BEGIN Data to use

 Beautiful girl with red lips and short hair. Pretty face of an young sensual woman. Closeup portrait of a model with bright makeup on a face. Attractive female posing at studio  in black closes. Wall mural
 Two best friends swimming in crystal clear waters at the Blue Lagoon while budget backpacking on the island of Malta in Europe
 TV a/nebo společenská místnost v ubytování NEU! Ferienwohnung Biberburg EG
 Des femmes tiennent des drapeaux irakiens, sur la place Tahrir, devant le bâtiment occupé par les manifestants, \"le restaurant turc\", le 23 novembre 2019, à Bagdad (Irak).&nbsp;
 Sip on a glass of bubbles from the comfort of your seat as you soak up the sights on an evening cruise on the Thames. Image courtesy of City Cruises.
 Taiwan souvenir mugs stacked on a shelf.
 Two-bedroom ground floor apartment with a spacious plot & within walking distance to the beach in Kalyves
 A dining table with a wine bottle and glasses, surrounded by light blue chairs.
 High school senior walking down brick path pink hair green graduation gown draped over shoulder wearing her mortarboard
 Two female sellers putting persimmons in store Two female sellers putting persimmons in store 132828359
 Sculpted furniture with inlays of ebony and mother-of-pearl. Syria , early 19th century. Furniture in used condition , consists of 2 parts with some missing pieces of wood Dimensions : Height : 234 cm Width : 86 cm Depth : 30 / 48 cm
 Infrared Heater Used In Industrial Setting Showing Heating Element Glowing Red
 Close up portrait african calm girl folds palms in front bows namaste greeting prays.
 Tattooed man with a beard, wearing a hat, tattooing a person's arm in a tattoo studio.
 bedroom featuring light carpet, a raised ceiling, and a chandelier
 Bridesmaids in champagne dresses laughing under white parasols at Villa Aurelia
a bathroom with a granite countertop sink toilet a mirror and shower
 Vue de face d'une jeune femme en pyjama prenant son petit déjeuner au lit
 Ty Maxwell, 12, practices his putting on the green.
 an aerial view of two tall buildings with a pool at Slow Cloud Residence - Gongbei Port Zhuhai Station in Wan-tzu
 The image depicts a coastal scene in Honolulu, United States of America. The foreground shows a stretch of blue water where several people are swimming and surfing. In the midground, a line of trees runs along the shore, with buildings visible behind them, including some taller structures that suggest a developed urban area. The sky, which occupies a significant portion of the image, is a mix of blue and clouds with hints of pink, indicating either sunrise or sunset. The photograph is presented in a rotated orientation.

END Data to use

▶ _Assignment_
Search each line of the data above for "wearing", and copy the lines where it occurs.

▶ _Response for this exercise_
 High school senior walking down brick path pink hair green graduation gown draped over shoulder wearing her mortarboard
 Tattooed man with a beard, wearing a hat, tattooing a person's arm in a tattoo studio.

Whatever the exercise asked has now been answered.